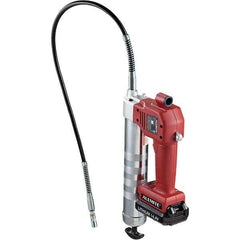 Alemite - 10,000 Max psi, Flexible Battery-Operated Grease Gun - 16 oz Capacity, 1/8 Thread Outlet, 3-Way, Bulk, Cartridge & Filler Pump, Includes (1) Lithium Ion Battery, Battery Charger, Grease Gun & 36" Whip Hose - Exact Industrial Supply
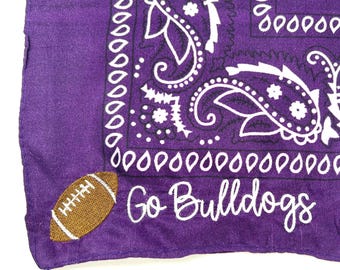 Embroidered Football Team Bandana, High School Football Accessory, Game Day Football Accessory, School Spirit Bandana, Football Mom Gift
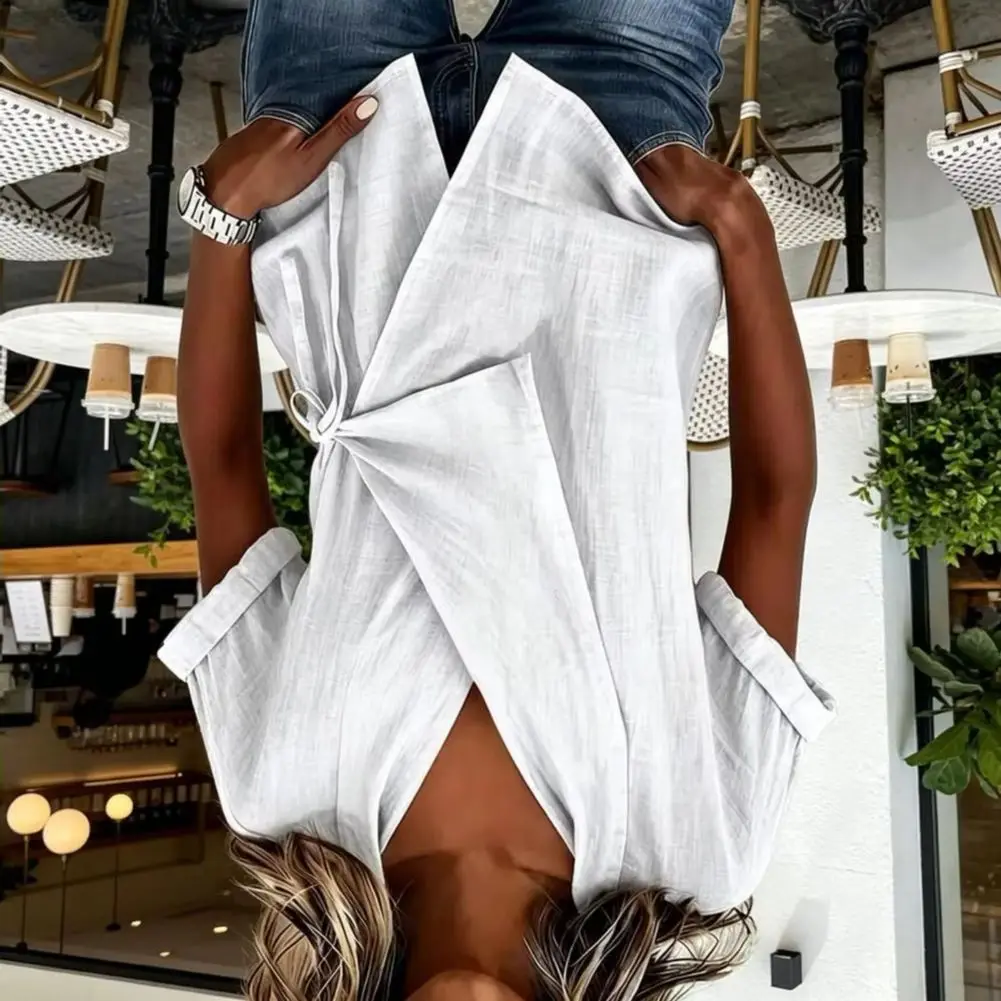 

Women Tops V Neck Short Sleeve Lightweight Tee Pure Color Shirt with Side Tie Irregular Loose Fit Shirt Summer Daily Wear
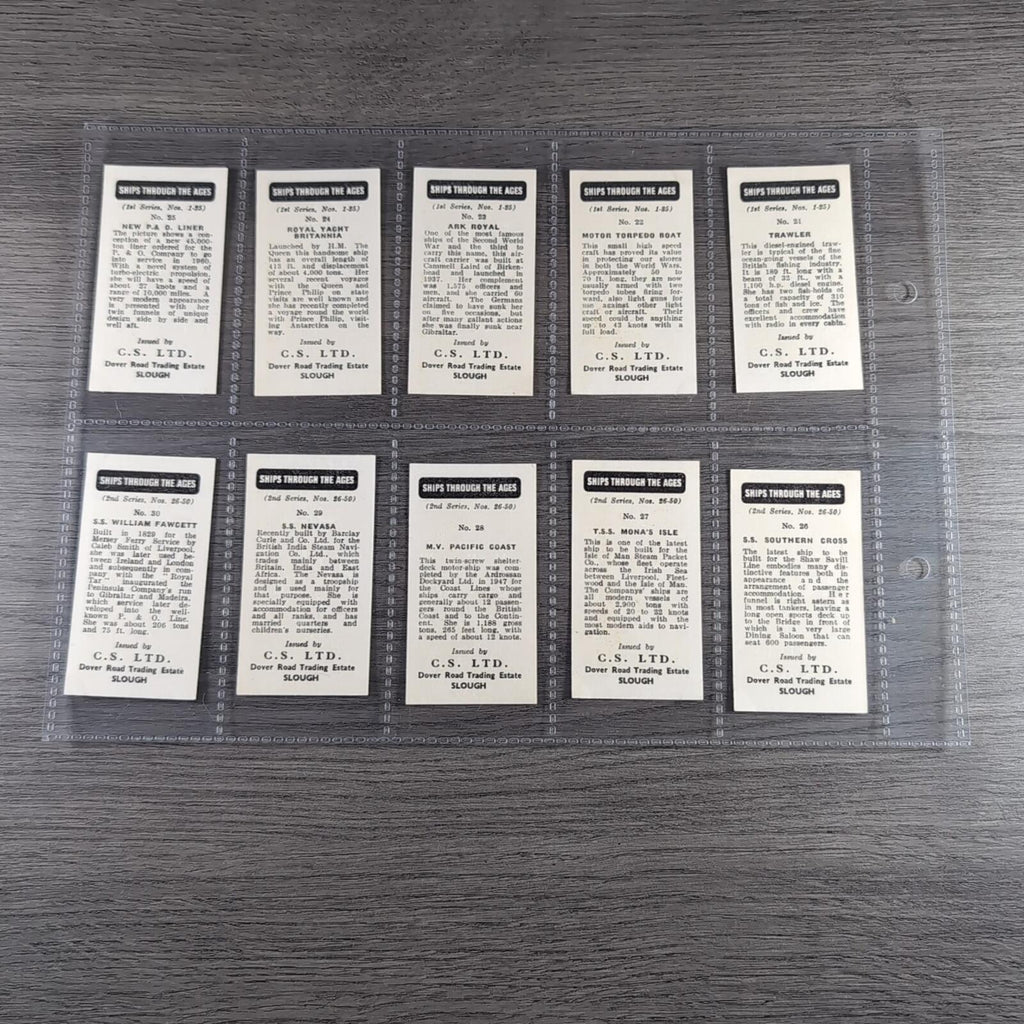 Ships Through the Ages 1963 C.S Ltd 2nd Series Complete Full Set of 50 Cards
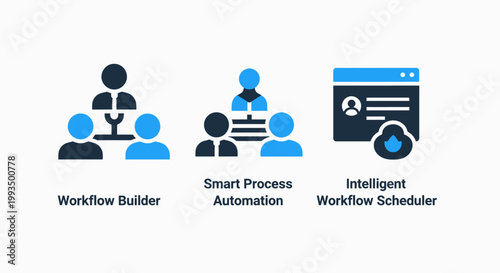 Workflow automation and business management process icons for digital transformation with workflow automation business management scheduler technology software development efficiency planning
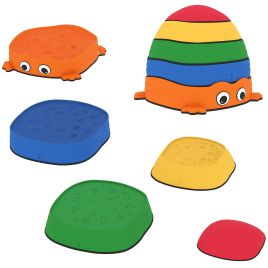AIVAGO 5PCS Sensory Stepping Stones for Toddlers Frog Shaped Anti Slip - Multi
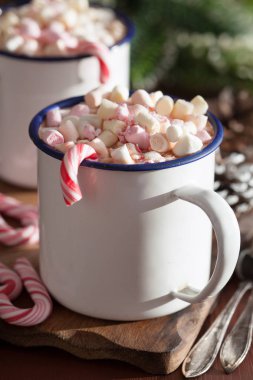 mini lokum şekeri ile sıcak çikolata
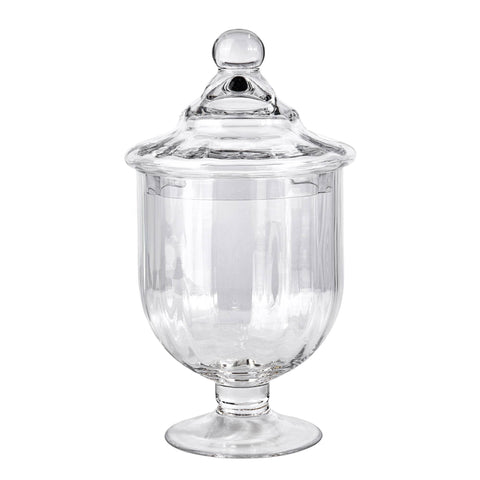 Clear Glass Footed Storage Jar with Lid: Large: 5.9" w x 13.4" h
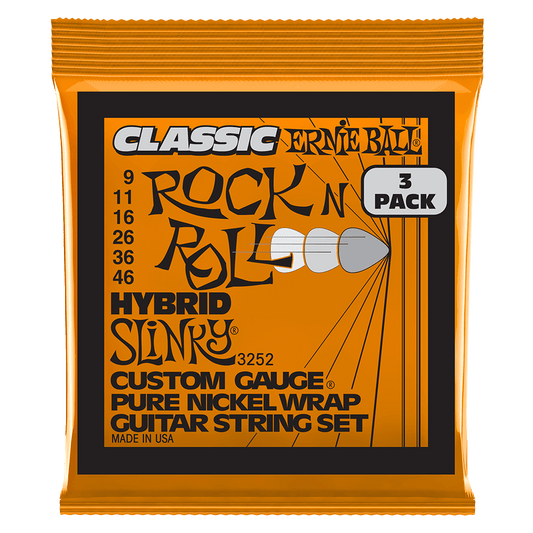 Hybrid Slinky Classic RnR Pure Nckl Elec Gtr Strings 3 Pk 9 46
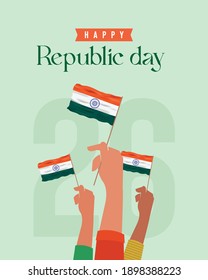 Happy Republic Day text with Indian flag with people hands vector template design for website banner
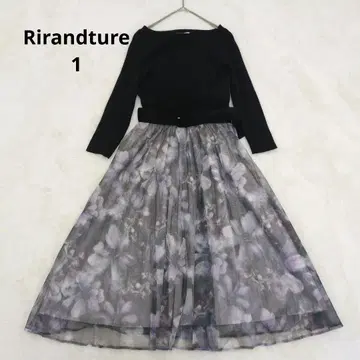 Rirandture 코드 튤 레이스 도킹 원피스 꽃무늬 블랙 S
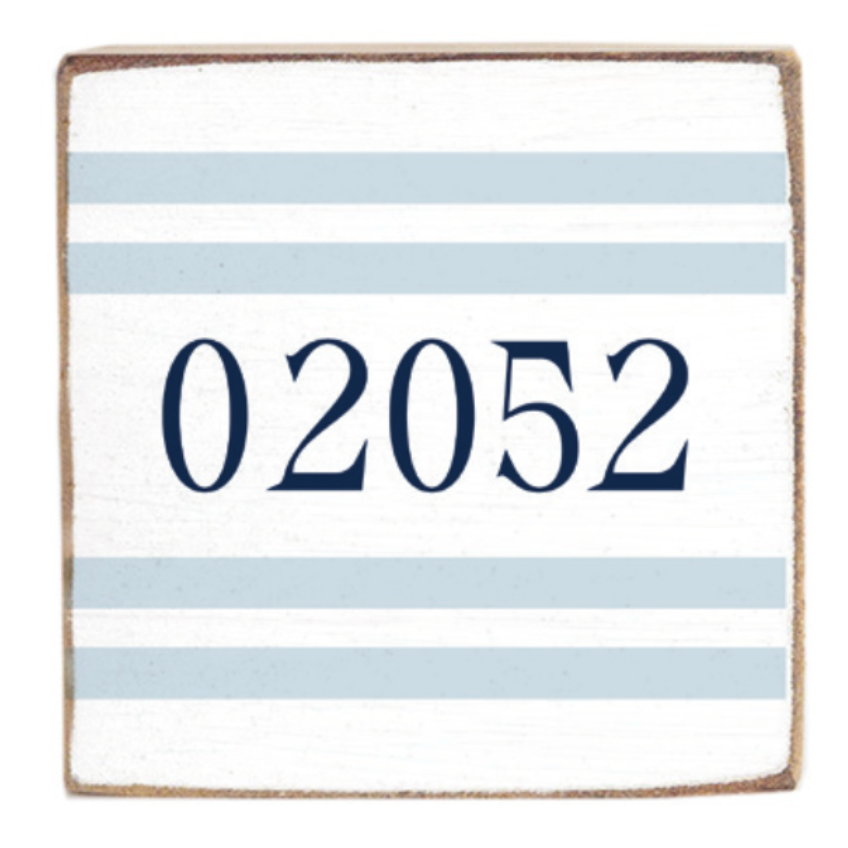 Rustic Marlin blue striped magnet with the number '02052' on a white background. Available at Be Charmed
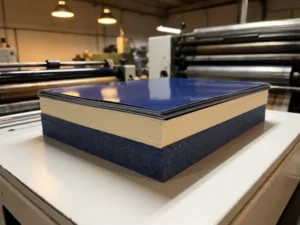 Stapel drukwerk met verschillende afwerkingstechnieken op witte drukpers, van glanzend gelamineerd tot getextureerd ongecoat papier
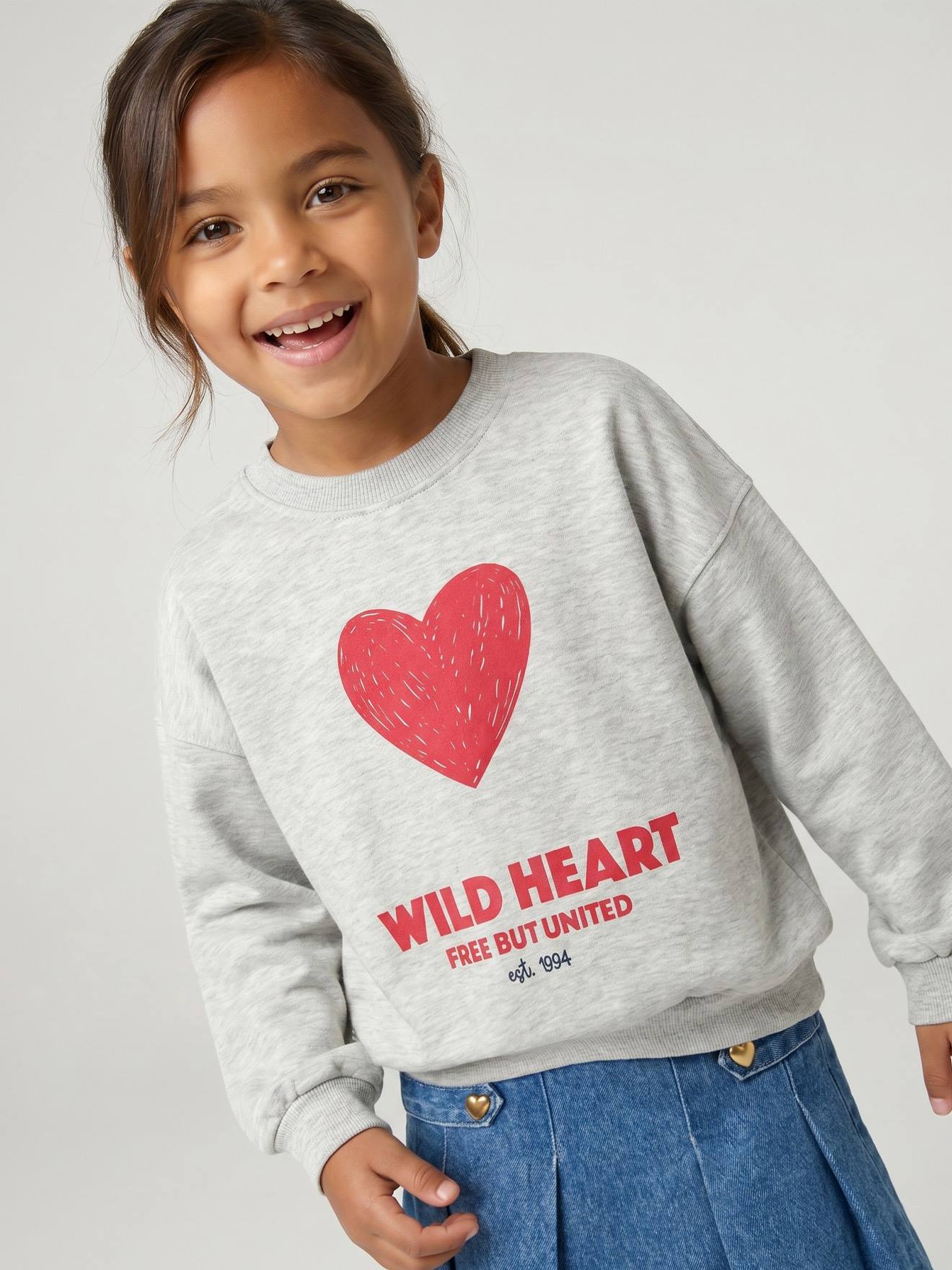 Sweat fille col rond manches longues gris chiné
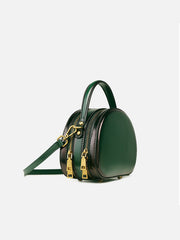 Cute Womens Black Leather Half Round Crossbody Purse Handbag Round Black Shoulder Bag for Women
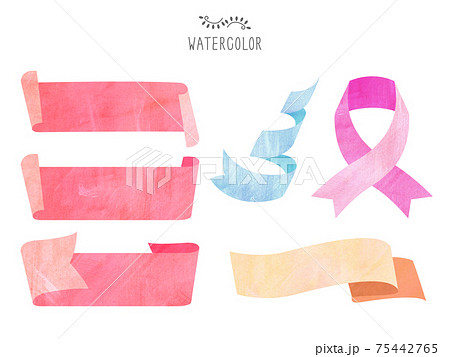 水彩画 リボン 背景 75442765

⁂

- _How to complete this task_:
Each line from the one that contains "Happy Republic Day" down to the one that contains "Sweat fille col" is to be returned exactly as it stands above, both ends included, with pictures removed.

- _Answer to this task_:
 Happy Republic Day text with Indian flag with people hands vector template design for website banner
 Rirandture 코드 튤 레이스 도킹 원피스 꽃무늬 블랙 S
 Rustic Marlin blue striped magnet with the number '02052' on a white background. Available at Be Charmed
 Stapel drukwerk met verschillende afwerkingstechnieken op witte drukpers, van glanzend gelamineerd tot getextureerd ongecoat papier
 Sweat fille col rond manches longues gris chiné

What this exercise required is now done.